# BRIEF
Retype the material that follows exactly, limited to the lines from the one with "La sciarpa che" through the one with "Stir fried Chinese", and keep out all pictures.

===== STORED DATA =====

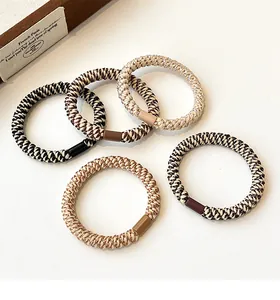 Detailed view of five high-elasticity woven hair ties in various coffee and earth tones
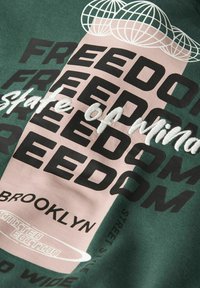T-shirt verte arborant un graphique central avec "LIBERTÉ" en noir et rose, un texte brodé "état d'esprit", et "BROOKLYN" en bas.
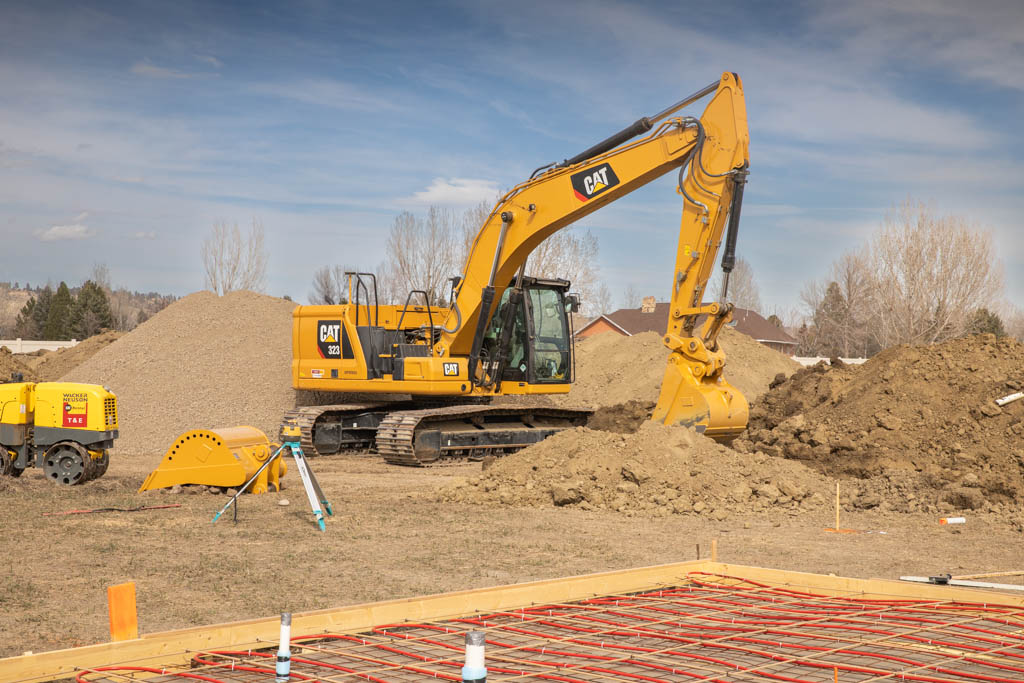 Excavator and survey equipment at an engineered building site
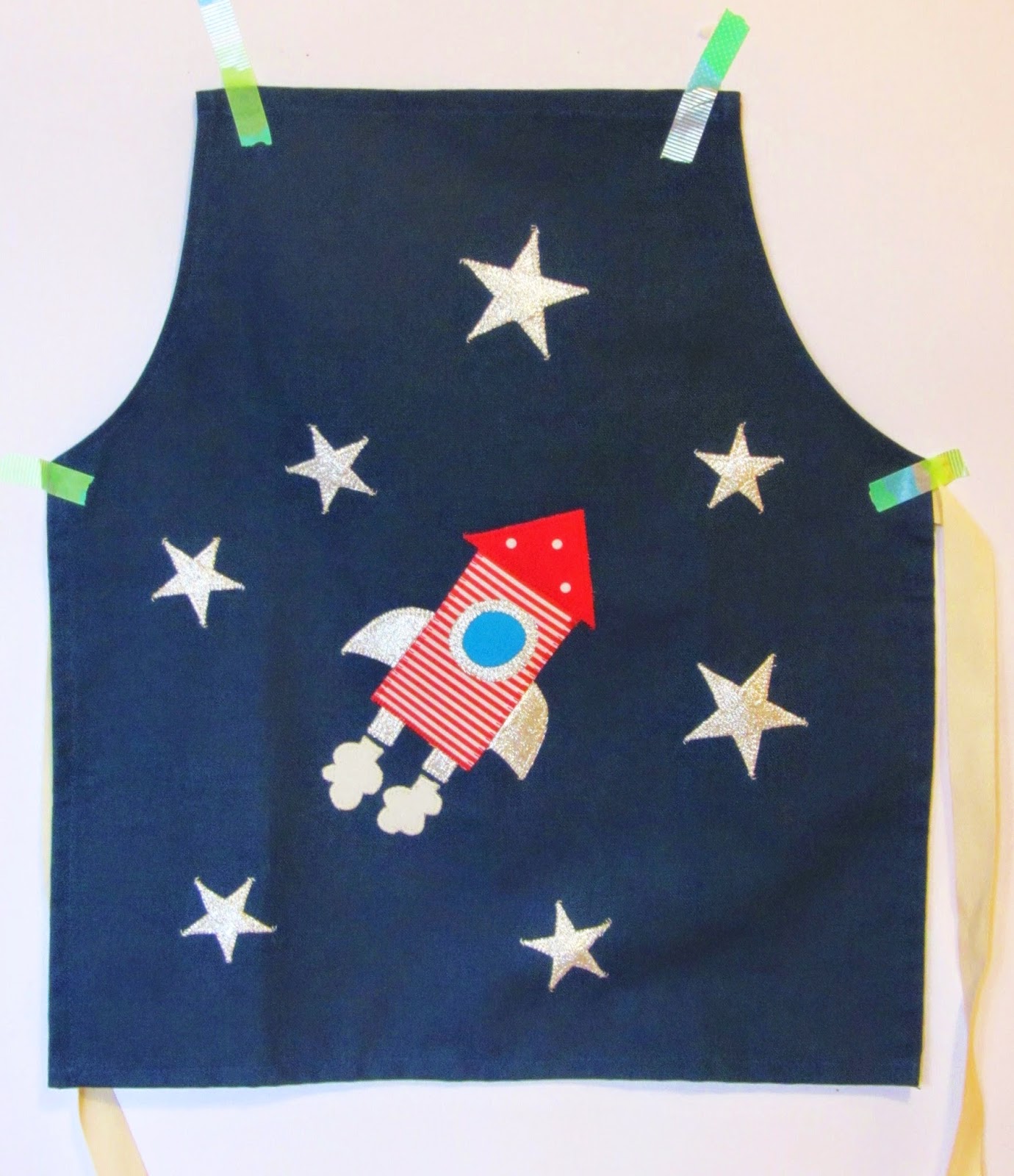 La sciarpa che canta: grembiuli da cucina con applique Applique bambini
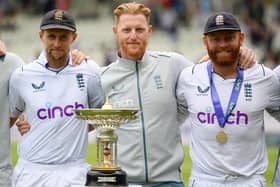 Ben Stokes (c) with Root (l) and Bairstow celebrate Test series win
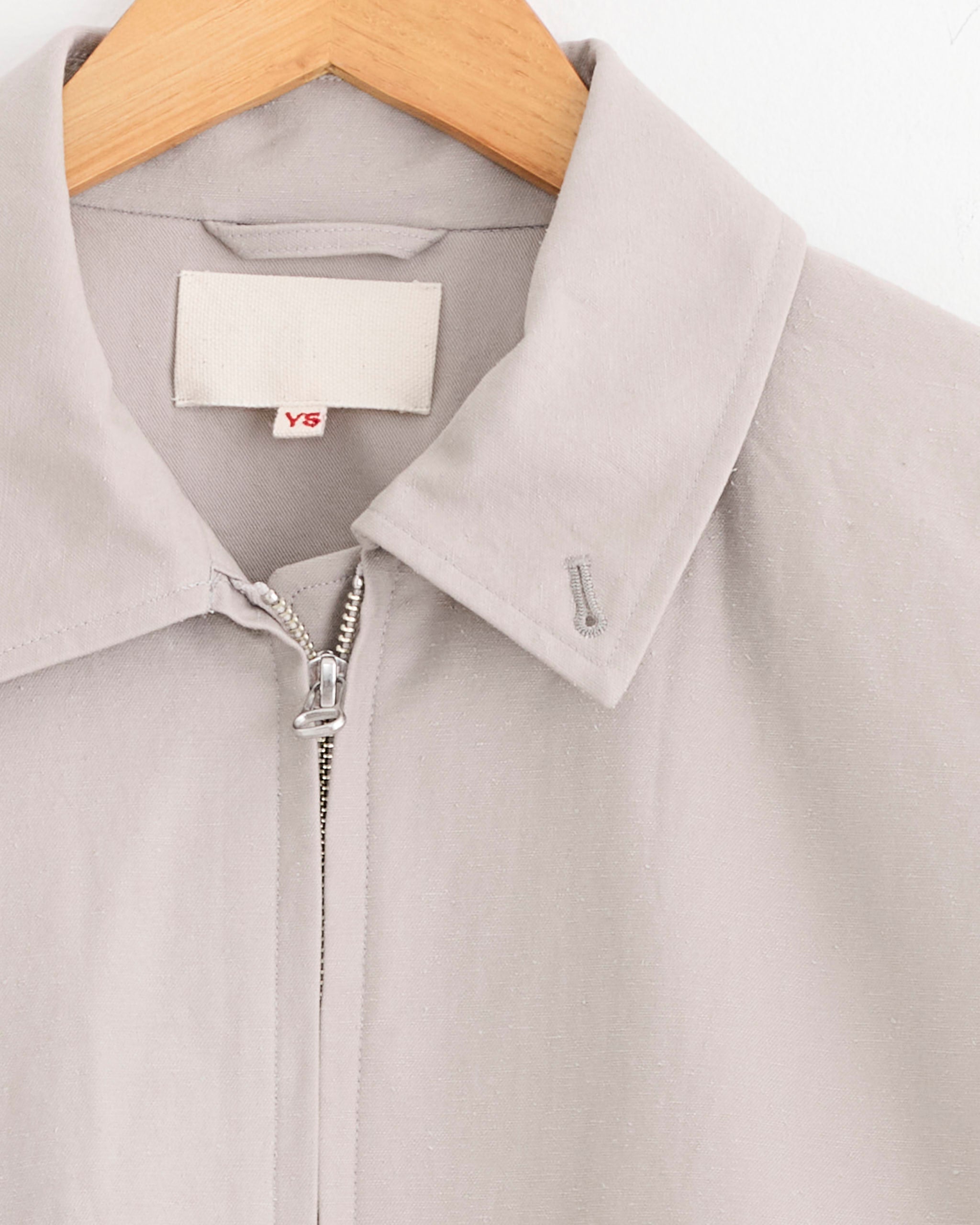 A close-up of the Yoko Sakamoto Zip Blouson in Beige, made from Japanese cotton, shown on a wooden hanger. Features a silver zipper, embroidered buttonhole, and a white YS label in red.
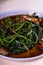 Stir fried Chinese spinach or po lun chai with garlic, soy sauce and a little chili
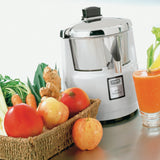 A shiny Waring 6001XK commercial juice extractor sits on a counter beside a basket of fresh produce, including carrots, apples, tomatoes, ginger, and leafy greens. A glass of bright orange juice is placed to the right of the juicer.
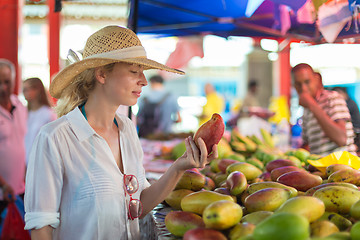 Image showing Traveler shopping on traditional Victoria food market, Seychelles.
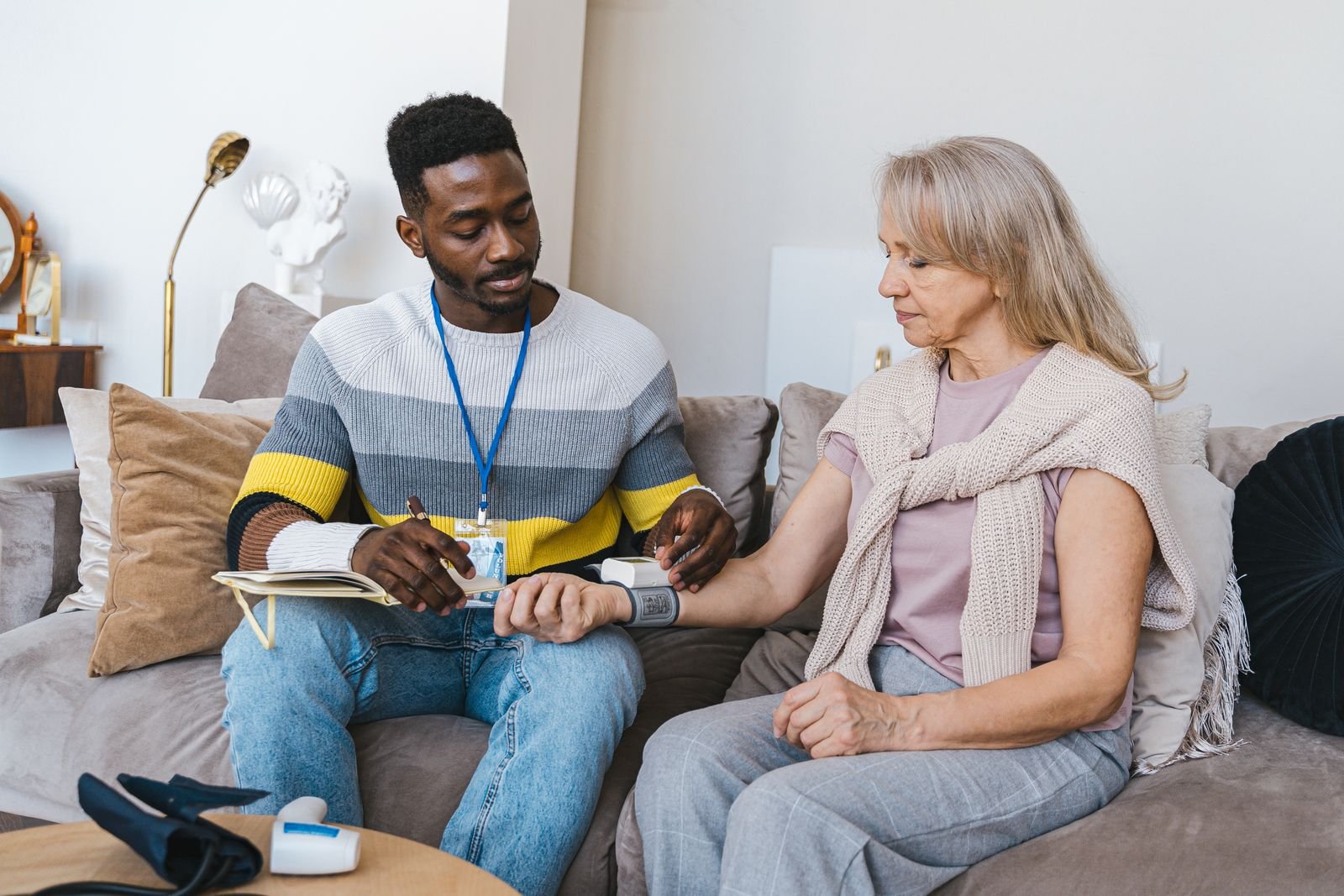 Hospice caregiver reviewing a patient's care notes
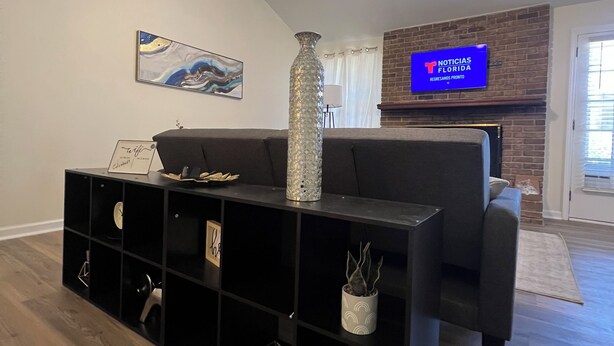 Ein modernes Wohnzimmer mit einer schwarzen Unterhaltungsanlage, einem Deckenventilator, einem Flachbildfernseher und einem Kamin aus Ziegelsteinen.
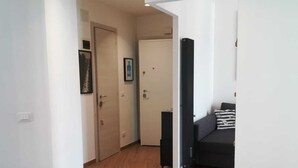 Un couloir avec un plancher en bois, des murs blancs et un canapé noir à l’arrière-plan.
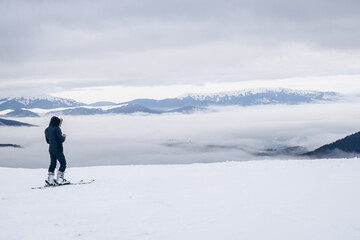 Fototapeta na wymiar The skier rides high in the snow in the mountains. Fog on the mountain and people skiing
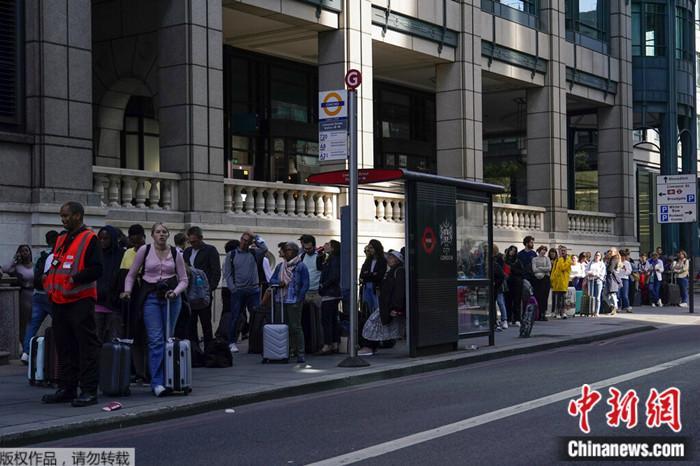 2022年6月21日，英国伦敦的一个公交站，由于地铁服务中断，人们在排队等待公交车。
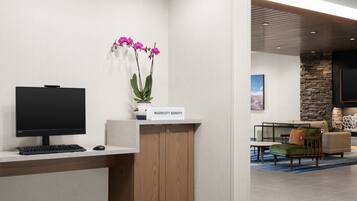A reception desk with a computer, a vase of orchids, and a sign reading "MARRIOTT BONVOGIO".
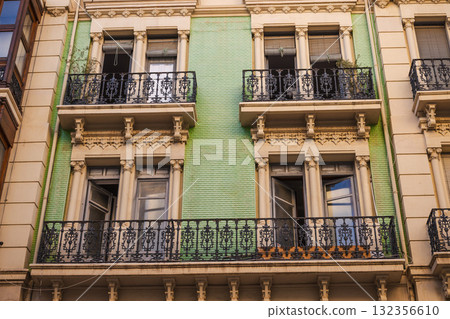 Historic Art Nouveau facade with decorative balconies and green ceramic tiles in Alicante, Spain 132356610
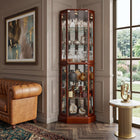 Oak lighted corner curio cabinet displaying crystal and glassware in a living-room corner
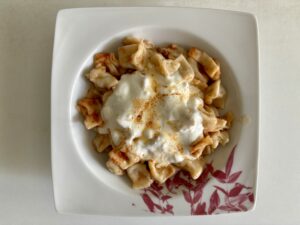 Ein Teller mit Manti, garniert mit Knoblauchjoghurt und Butter, serviert auf einem weißen Teller mit rotem Blumenmuster.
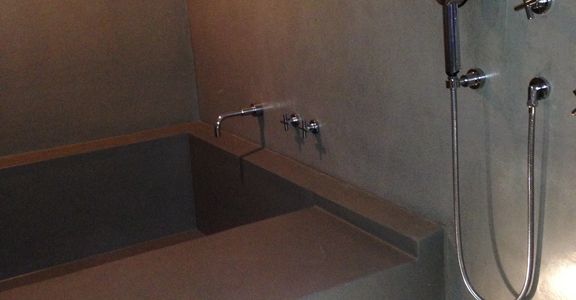 Custom Venetian plaster bathroom showing tub and Handsgrohe fixtures. Nolita.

=====

# REPLY TO THE TASK
 La sciarpa che canta: grembiuli da cucina con applique Applique bambini
 Ben Stokes (c) with Root (l) and Bairstow celebrate Test series win
 A close-up of the Yoko Sakamoto Zip Blouson in Beige, made from Japanese cotton, shown on a wooden hanger. Features a silver zipper, embroidered buttonhole, and a white YS label in red.
 Stir fried Chinese spinach or po lun chai with garlic, soy sauce and a little chili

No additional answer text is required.